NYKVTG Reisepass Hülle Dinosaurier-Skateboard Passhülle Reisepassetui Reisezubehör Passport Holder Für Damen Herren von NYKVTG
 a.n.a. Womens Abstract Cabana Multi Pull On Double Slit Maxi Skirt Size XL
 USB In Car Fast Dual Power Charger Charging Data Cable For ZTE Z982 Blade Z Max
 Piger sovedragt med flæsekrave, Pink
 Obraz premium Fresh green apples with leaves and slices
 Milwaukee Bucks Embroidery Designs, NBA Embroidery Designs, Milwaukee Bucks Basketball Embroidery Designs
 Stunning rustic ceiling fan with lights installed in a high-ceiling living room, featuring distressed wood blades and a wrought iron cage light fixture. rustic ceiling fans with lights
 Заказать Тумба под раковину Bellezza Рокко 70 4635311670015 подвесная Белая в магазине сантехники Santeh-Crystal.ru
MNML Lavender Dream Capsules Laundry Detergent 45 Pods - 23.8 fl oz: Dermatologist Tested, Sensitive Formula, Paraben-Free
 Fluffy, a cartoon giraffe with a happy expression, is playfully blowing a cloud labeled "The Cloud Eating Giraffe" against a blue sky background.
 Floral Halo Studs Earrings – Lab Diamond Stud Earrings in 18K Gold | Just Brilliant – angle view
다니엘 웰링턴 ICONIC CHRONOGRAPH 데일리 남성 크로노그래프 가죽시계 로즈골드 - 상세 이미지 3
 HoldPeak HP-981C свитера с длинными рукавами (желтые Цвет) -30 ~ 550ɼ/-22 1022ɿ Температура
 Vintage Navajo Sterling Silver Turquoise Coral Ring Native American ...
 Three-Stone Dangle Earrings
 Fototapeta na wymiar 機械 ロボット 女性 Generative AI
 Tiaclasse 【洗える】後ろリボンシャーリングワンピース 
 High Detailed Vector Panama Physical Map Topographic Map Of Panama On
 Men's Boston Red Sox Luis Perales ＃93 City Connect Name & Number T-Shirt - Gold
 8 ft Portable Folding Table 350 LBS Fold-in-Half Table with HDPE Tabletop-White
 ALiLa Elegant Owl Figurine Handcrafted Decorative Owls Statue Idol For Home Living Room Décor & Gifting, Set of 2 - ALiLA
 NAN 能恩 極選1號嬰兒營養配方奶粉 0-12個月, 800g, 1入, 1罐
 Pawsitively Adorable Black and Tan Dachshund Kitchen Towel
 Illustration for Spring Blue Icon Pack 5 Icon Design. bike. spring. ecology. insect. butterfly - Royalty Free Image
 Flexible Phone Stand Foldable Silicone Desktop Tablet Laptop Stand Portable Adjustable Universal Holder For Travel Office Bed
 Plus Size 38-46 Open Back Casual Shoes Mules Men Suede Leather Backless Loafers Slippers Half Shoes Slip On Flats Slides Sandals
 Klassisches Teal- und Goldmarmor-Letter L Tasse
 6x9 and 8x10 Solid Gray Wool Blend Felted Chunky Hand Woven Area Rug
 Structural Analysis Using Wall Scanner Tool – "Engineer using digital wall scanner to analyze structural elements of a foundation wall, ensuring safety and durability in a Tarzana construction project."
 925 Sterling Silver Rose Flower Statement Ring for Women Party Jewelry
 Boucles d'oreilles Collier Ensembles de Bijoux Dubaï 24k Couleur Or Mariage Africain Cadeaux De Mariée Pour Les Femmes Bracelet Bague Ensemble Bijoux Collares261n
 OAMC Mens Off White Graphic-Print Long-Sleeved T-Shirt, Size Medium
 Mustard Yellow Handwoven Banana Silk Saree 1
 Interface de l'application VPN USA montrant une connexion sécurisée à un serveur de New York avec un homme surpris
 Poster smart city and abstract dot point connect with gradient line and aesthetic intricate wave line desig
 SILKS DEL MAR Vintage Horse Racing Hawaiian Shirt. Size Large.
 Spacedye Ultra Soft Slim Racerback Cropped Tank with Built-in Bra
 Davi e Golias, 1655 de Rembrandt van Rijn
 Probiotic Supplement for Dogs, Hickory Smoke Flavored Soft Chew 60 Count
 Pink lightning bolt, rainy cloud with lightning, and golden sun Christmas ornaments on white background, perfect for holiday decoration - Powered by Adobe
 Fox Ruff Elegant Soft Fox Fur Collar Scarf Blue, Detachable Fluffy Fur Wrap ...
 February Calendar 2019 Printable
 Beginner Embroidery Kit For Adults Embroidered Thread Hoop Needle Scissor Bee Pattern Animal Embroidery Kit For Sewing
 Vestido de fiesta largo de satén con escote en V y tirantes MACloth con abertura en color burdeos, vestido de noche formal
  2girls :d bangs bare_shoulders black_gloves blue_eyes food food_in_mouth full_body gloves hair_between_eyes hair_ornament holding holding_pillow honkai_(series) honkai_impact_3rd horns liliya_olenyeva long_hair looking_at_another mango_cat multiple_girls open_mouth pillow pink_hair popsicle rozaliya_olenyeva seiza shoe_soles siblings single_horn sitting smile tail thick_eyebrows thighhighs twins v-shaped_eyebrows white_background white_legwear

####

• [THE PROBLEM]:
Take the entries above and return only the lines from the one with "Structural Analysis Using" to the one with "SILKS DEL MAR", both included, unchanged.

• [RESPONSE BELOW]:
 Structural Analysis Using Wall Scanner Tool – "Engineer using digital wall scanner to analyze structural elements of a foundation wall, ensuring safety and durability in a Tarzana construction project."
 925 Sterling Silver Rose Flower Statement Ring for Women Party Jewelry
 Boucles d'oreilles Collier Ensembles de Bijoux Dubaï 24k Couleur Or Mariage Africain Cadeaux De Mariée Pour Les Femmes Bracelet Bague Ensemble Bijoux Collares261n
 OAMC Mens Off White Graphic-Print Long-Sleeved T-Shirt, Size Medium
 Mustard Yellow Handwoven Banana Silk Saree 1
 Interface de l'application VPN USA montrant une connexion sécurisée à un serveur de New York avec un homme surpris
 Poster smart city and abstract dot point connect with gradient line and aesthetic intricate wave line desig
 SILKS DEL MAR Vintage Horse Racing Hawaiian Shirt. Size Large.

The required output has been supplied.